Please repeat, exactly and without pictures, the lines of the entries below that run from the one containing "Plantillas Gratis Para" through the one containing "Cách thức hoạt".

RECORDS PROVIDED -
◇ ◇ ◇ ◇ ◇ ◇ ◇
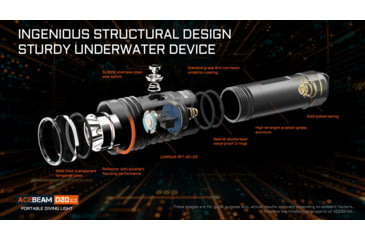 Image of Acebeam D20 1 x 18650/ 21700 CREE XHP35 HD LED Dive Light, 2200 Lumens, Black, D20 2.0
◇ ◇ ◇ ◇ ◇ ◇ ◇
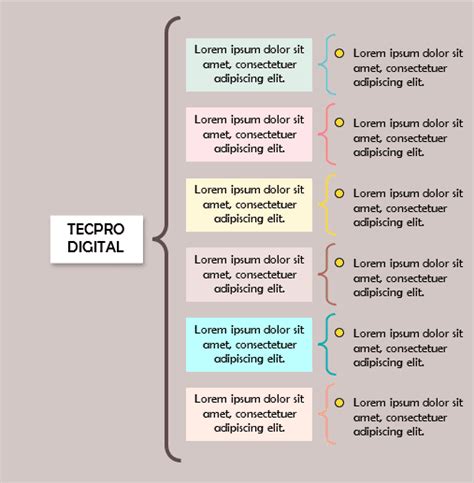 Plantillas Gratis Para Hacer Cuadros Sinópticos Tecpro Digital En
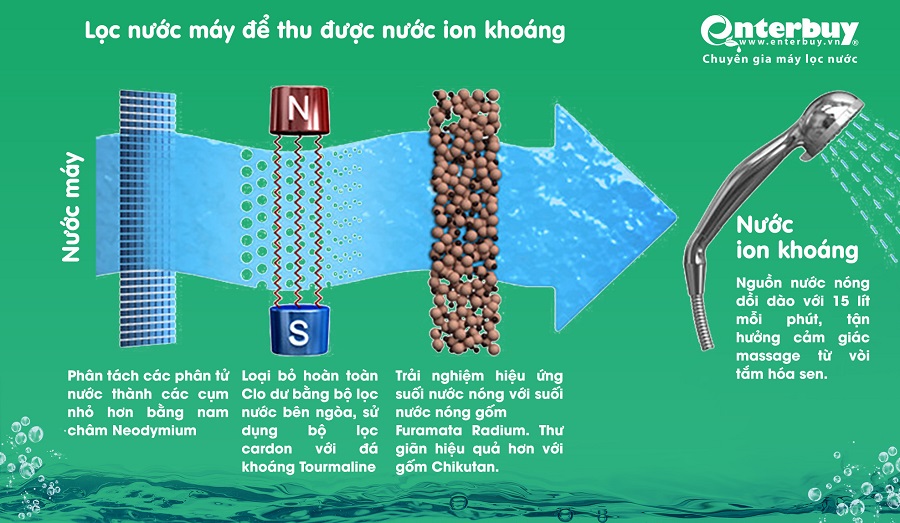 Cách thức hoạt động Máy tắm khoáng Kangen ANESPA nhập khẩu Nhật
◇ ◇ ◇ ◇ ◇ ◇ ◇
SOLVED PROBLEM -
 Plantillas Gratis Para Hacer Cuadros Sinópticos Tecpro Digital En
 Cách thức hoạt động Máy tắm khoáng Kangen ANESPA nhập khẩu Nhật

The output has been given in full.